The Billionaire and the Waitress
Page 10
“You can think about it, honey, no pressure.”
“Except that if I don’t agree, then you don’t want to be with me?”
“No, I’m not saying that.” Ok, he was sort of saying that, but the truth was although that’s what he wanted, he couldn’t imagine not having her in his life. “I’m saying that I believe that this is the way to a happy home. Look, between now and my next visit, why don’t you read up a little on the net about DD.”
“Domestic discipline?”
“Yeah.”
“Ok, I guess. I don’t know how reading can explain how it will feel though. Couldn’t you just, I don’t know, give me a taste of what it feels like?”
“I could. You sure?”
“I think so.” She grinned. “If you’re up to it. I mean, your concentration has been a little off.”

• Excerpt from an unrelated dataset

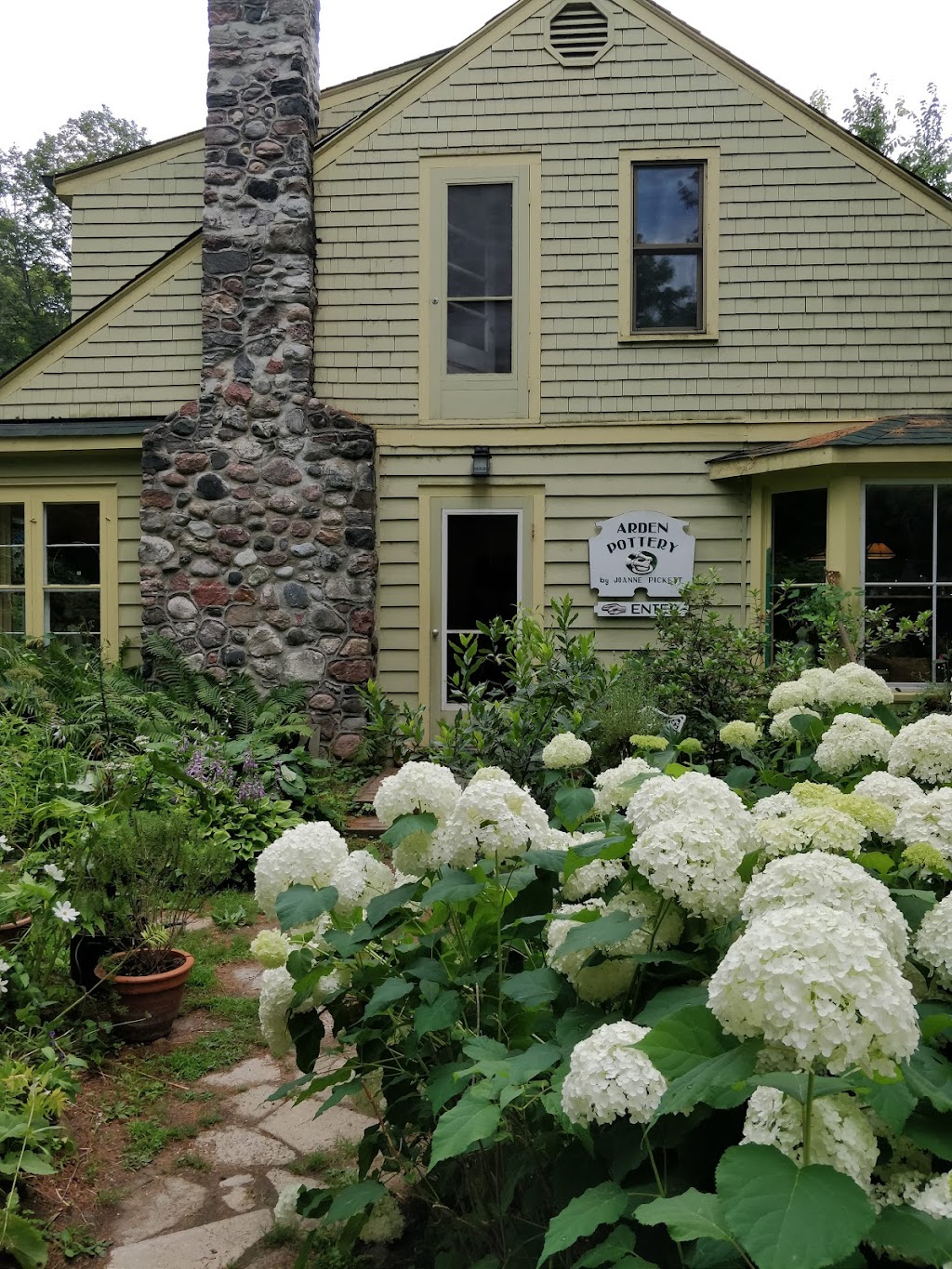 Arden Pottery | 1040 Big Clear Ln, Central Frontenac, ON K0H 1B0, Canada | Phone: (613) 335-2763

He grinned before placing her firmly back over his knee and taking off her pants altogether. “Oh, I’m up to it and you better be careful what you wish for, little girl.” His hand resumed his pattern, only this time he spanked harder and faster. He smiled at the now more subdued Chelsea who was breathing heavily and shifting uncomfortably rather than enjoying her spanking.
“Ok, you can slow up a bit now,” she panted finally. “I get the picture.”
“Nope.”
“What do you mean, nope?”
She tried to wriggle away from his hand, but he held her firmly and smacked her thighs, hard. “When you’re being spanked for punishment, I decide when to stop.”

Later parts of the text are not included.